=== What you should do ===
Down to the last line, set down the listing below exactly, apart from its pictures.

=== Raw data ===
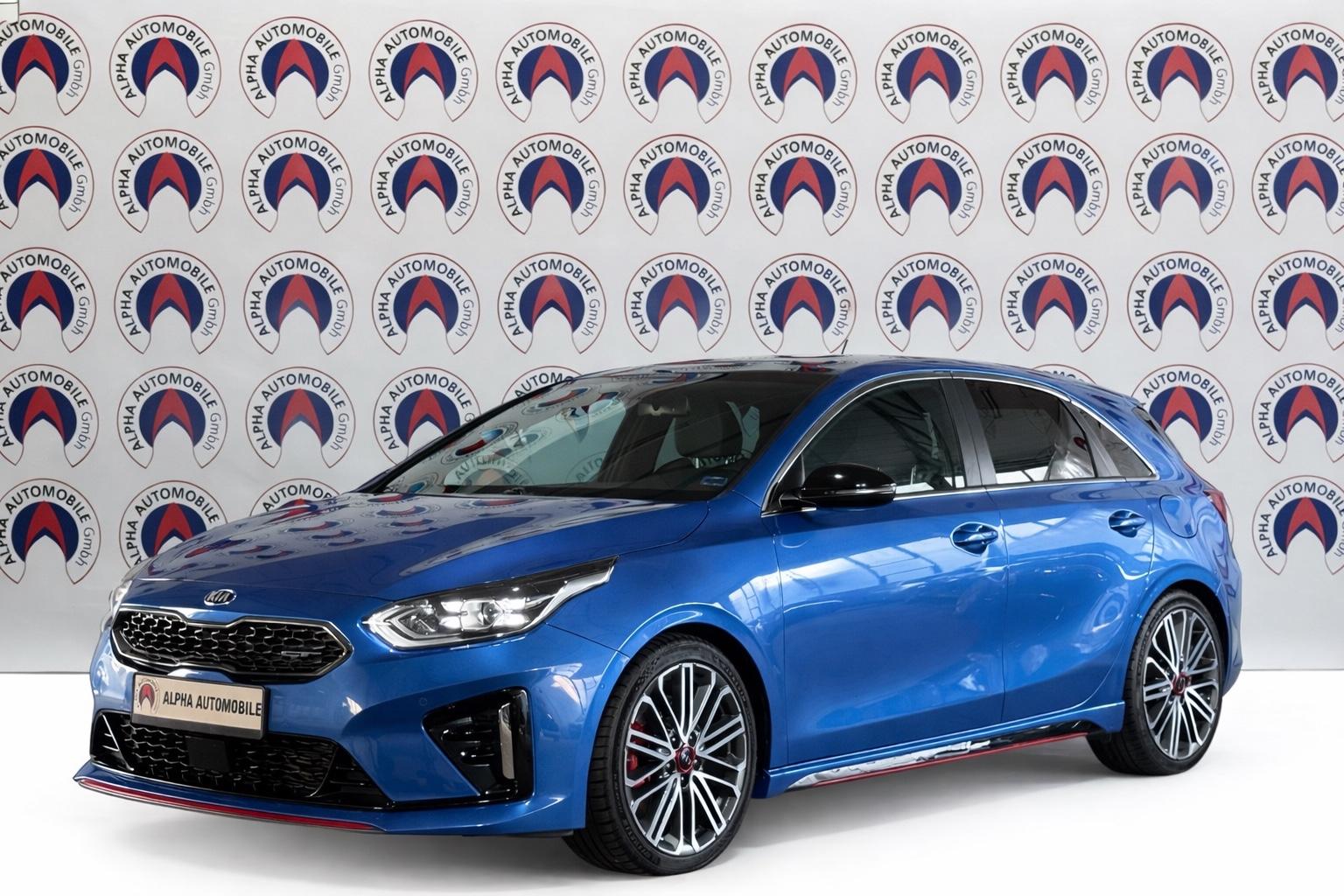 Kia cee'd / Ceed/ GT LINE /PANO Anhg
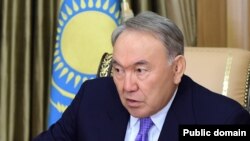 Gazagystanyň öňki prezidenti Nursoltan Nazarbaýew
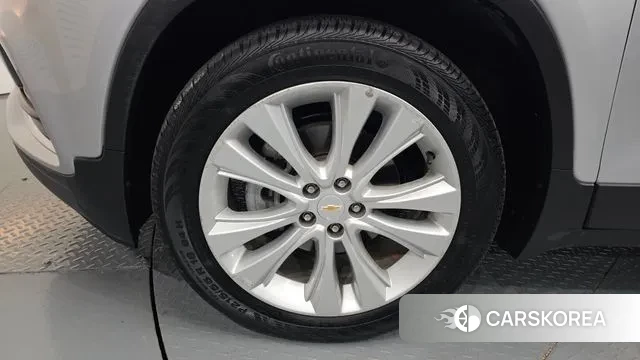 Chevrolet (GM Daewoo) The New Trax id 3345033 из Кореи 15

=== Written response ===
 Kia cee'd / Ceed/ GT LINE /PANO Anhg
 Gazagystanyň öňki prezidenti Nursoltan Nazarbaýew
 Chevrolet (GM Daewoo) The New Trax id 3345033 из Кореи 15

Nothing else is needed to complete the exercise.